* Work item:
Please transcribe the listing below in full, exactly as written, leaving out its pictures.

* Exercise materials:
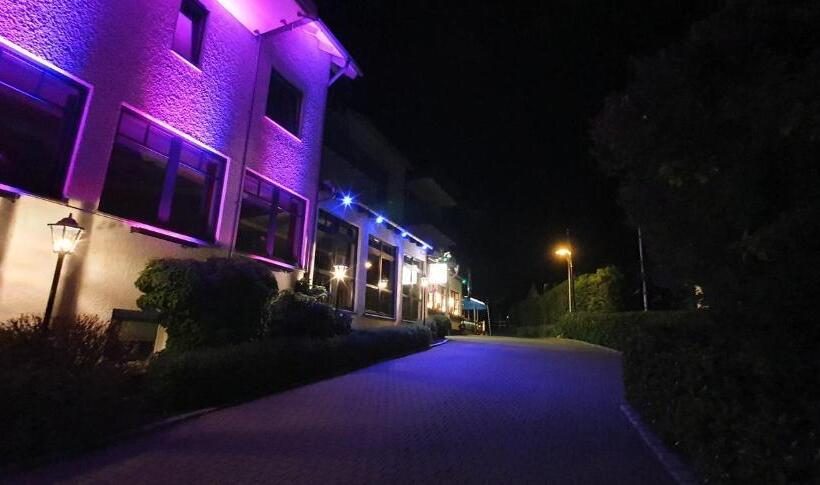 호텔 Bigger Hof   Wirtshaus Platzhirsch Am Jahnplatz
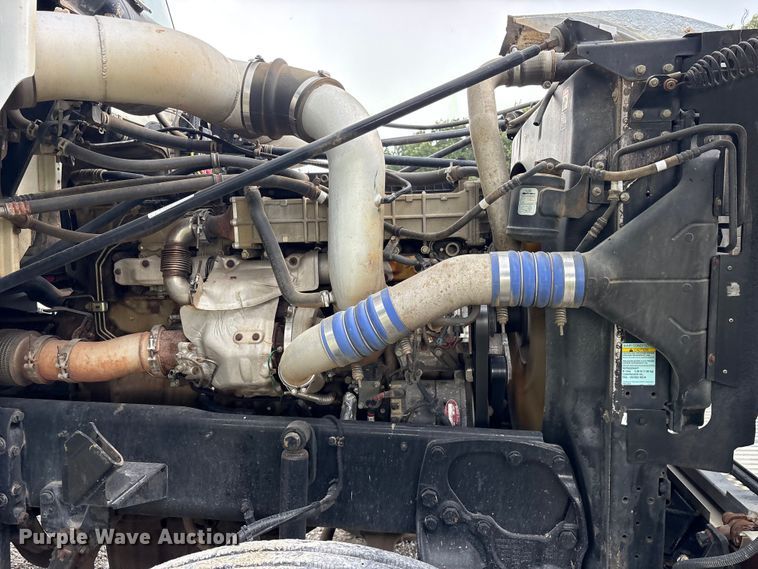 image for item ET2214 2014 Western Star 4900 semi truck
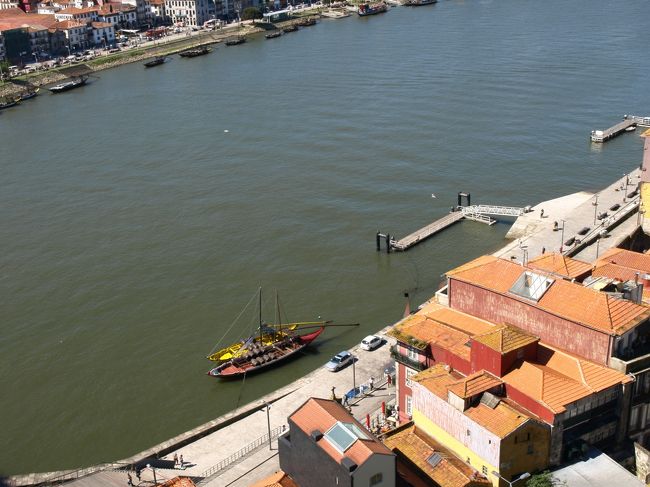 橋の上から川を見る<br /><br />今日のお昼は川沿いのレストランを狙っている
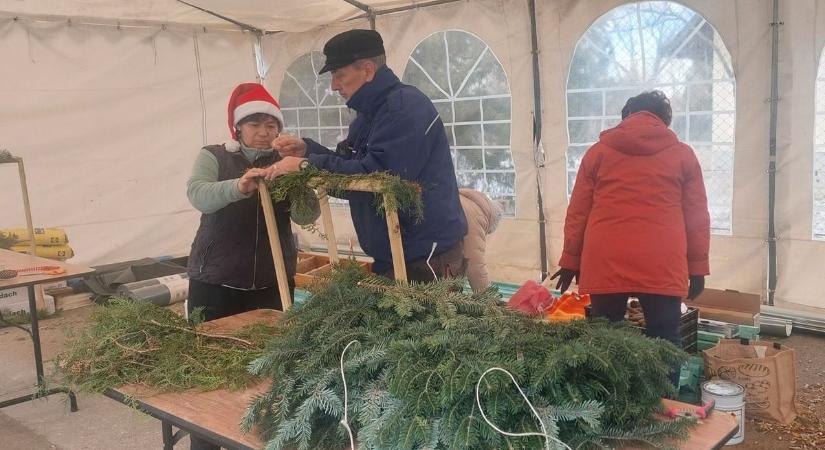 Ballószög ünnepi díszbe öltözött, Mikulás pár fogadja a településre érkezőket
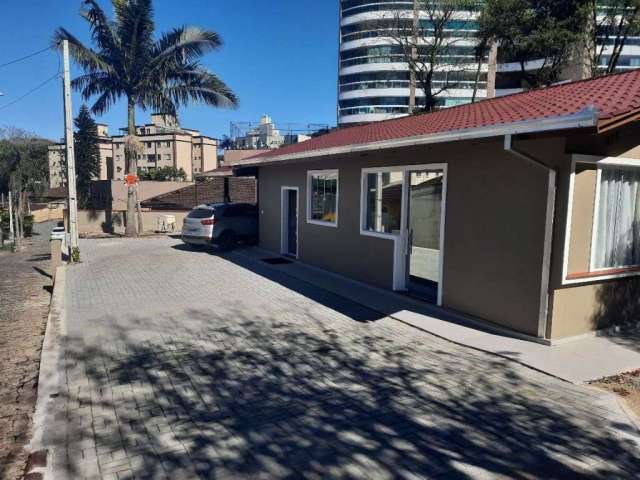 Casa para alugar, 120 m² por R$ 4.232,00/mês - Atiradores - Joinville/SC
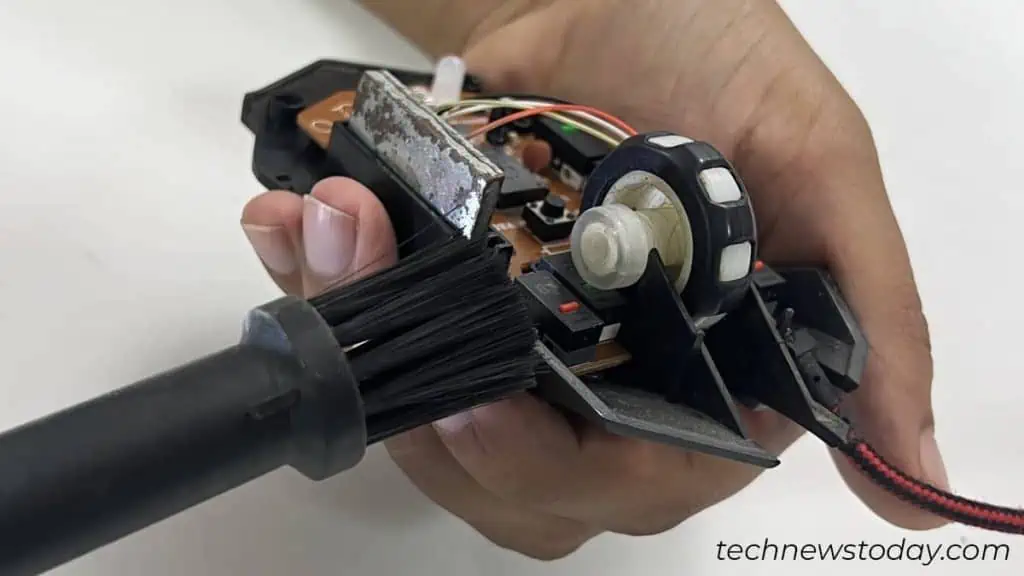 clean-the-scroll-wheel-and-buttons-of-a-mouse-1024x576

* Task result:
 호텔 Bigger Hof   Wirtshaus Platzhirsch Am Jahnplatz
 image for item ET2214 2014 Western Star 4900 semi truck
 橋の上から川を見る<br /><br />今日のお昼は川沿いのレストランを狙っている
 Ballószög ünnepi díszbe öltözött, Mikulás pár fogadja a településre érkezőket
 Casa para alugar, 120 m² por R$ 4.232,00/mês - Atiradores - Joinville/SC
 clean-the-scroll-wheel-and-buttons-of-a-mouse-1024x576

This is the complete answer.